I’ve looked at the Altium pricing structure and I can buy a educational package for £100 or a professional package for £3500 a year but The educational package forbids any sales of the item produced at all and I can’t justify spending £3000 on software at the moment .

It’s on the to-do list, but I couldn’t say when this will happen. AFAIK it means manually re-entering the design in KiCad, then having boards made from Gerbers generated by this and testing them. So it’s not a small undertaking, but also not the sort of thing where you want to take shortcuts and risk people making boards that don’t work.

IIRC the board is 12 layers and that kind of complexity makes them harder to produce and some PCB houses don’t have the equipment required. Maybe there have been advancements recently that make that a false statement. It wasn’t so long ago that I looked at a 6 layer design and found that to be expensive and/or impossible for some of the PCB houses.

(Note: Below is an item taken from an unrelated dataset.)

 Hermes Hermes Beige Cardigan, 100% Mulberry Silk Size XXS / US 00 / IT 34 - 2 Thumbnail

Complexity can be good for creating barriers. It can offer some protection from competition. It gives some room to get a foothold in a market space. Wait, was I not supposed to say that… :slight_smile:

But perhaps PCB manufacturing advancements make all the above moot.

I also recall mention or suggestion here that someone was working on a limesdr knockoff. But maybe I misremember.

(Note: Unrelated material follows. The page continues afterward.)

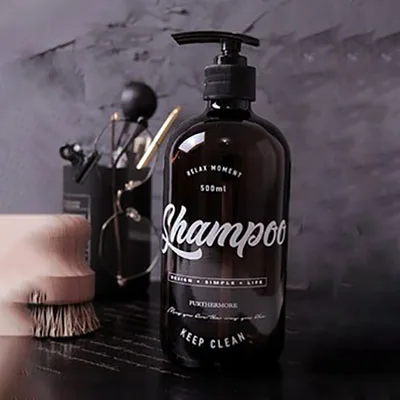 Shampoo 500 мл стеклянная бутылка для хранения шампуня для ванной коричневый скандинавский жидкий лосьон дорожная бутылка для хранения Домашний Органайзер Декор - Цвет: Shampoo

We’d be delighted if people starting making their own boards, but note that PCB fab and assembly is only part of the story and you then have to perform comprehensive testing.

Not sure I’d perhaps use that turn of phrase, but someone was looking at getting bare LimeSDR-PCIe boards from a Chinese vendor and having a go at assembling these themselves.

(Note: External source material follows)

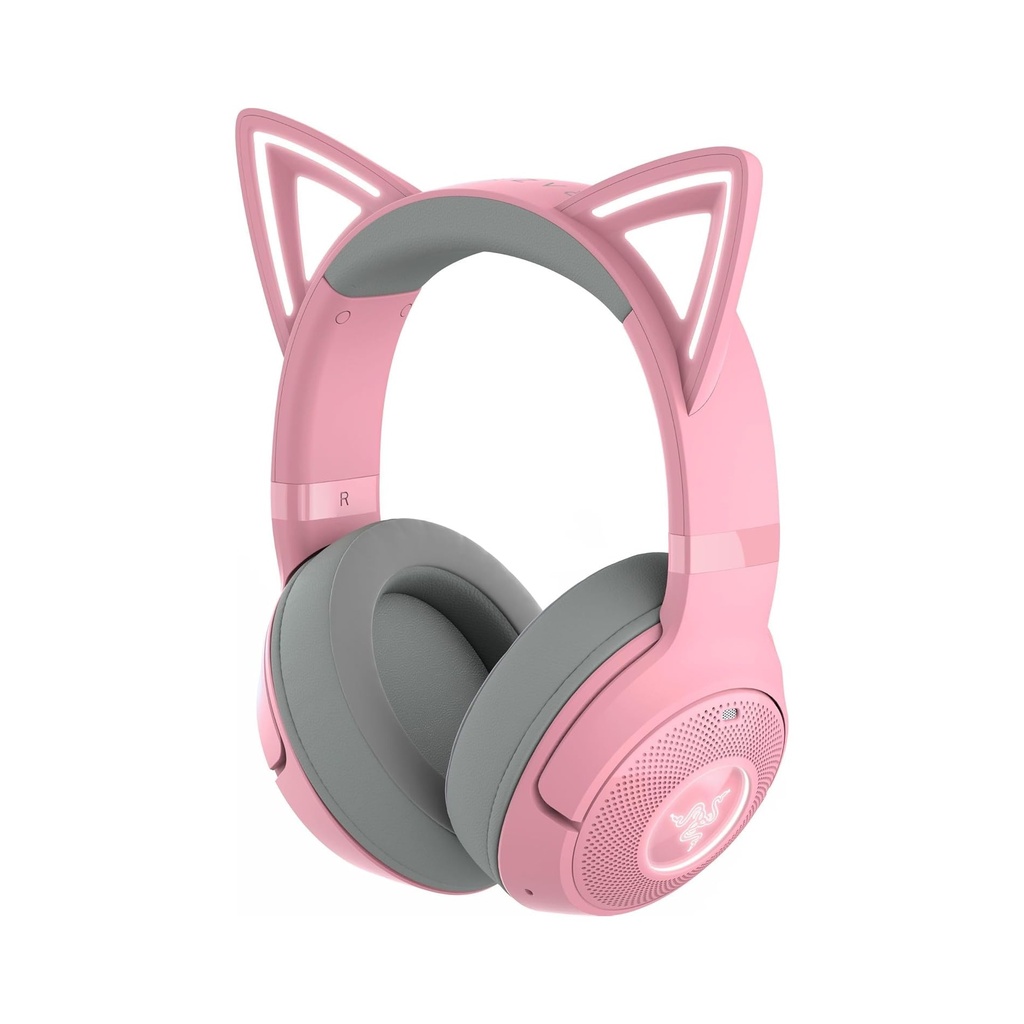 [NS014134] Razer Kraken Kitty V2 BT Quartz Edition Wireless/Bluetooth Gaming Headset RGB With Kitty Ears - Pink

[quote=“andrewback, post:4, topic:1350, full:true”]
We’d be delighted if people starting making their own boards, but note that PCB fab and assembly is only part of the story and you then have to perform comprehensive testing.[/quote]

Good point, with a device of this complexity the testing cannot be relegated to some minor step at the end. It is just as important as all the other steps, if not more so.

Alright, yes, that’s a far cry from a complete working facsimile ( that a better word choice? :slight_smile: )

But at least my recollection was partly correct! :smiley:

Is the LimeSDR really a 12 layer board? For some reason I thought it was six. .

Okay I did store that into the gray matter so I hope if it’s wrong someone corrects me so I can try to update the NogginDB.

p.s. I put a magnifying glass to the edge of my LimeSDR just now, in a well lighted room, and it looks very dense.

If you download the gerber files and open with any gerber viewer - G1 to G10 are the 10 inner layers and GTL the top and GBL is the bottom layer. So there are 12 layers of copper in the PCB.

All the info about which file is where is in the description of the gerber files in LimeSDR-USB/hardware/socket/1v4/Project Outputs for LimeSDR-USB_1v4s_LMS031pad/LimeSDR-USB_1v4s_readme_r1.txt at master · myriadrf/LimeSDR-USB · GitHub

The bottom line is that 12 layers it is not going to be a cheap board to make in lots of 1-10. And then there is the large BGA IC’s … Maybe in 5 years the cost of making a one off 12 layer board will have dropped.

1 Like

Not sure what the OP’s intentions are but some thoughts:

Since I know very little about the process of electronics design I have to guess that some reading this thread know, right away, why final designs use Altium.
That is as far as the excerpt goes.